[Work instruction]
Among the entries below, one line contains "Swedish Rosewood Brass" and another contains "Vue imaginaire de". Transcribe those two lines and every line between them, exactly.

[Available records]
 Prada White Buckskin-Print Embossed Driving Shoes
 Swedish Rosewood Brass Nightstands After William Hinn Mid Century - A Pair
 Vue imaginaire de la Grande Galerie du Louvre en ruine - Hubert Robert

--

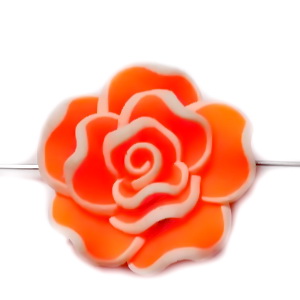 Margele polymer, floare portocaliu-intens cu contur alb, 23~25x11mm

* * *

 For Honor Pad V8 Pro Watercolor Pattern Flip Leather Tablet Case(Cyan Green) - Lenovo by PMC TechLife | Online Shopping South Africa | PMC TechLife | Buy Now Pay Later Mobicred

[Result]
 Swedish Rosewood Brass Nightstands After William Hinn Mid Century - A Pair
 Vue imaginaire de la Grande Galerie du Louvre en ruine - Hubert Robert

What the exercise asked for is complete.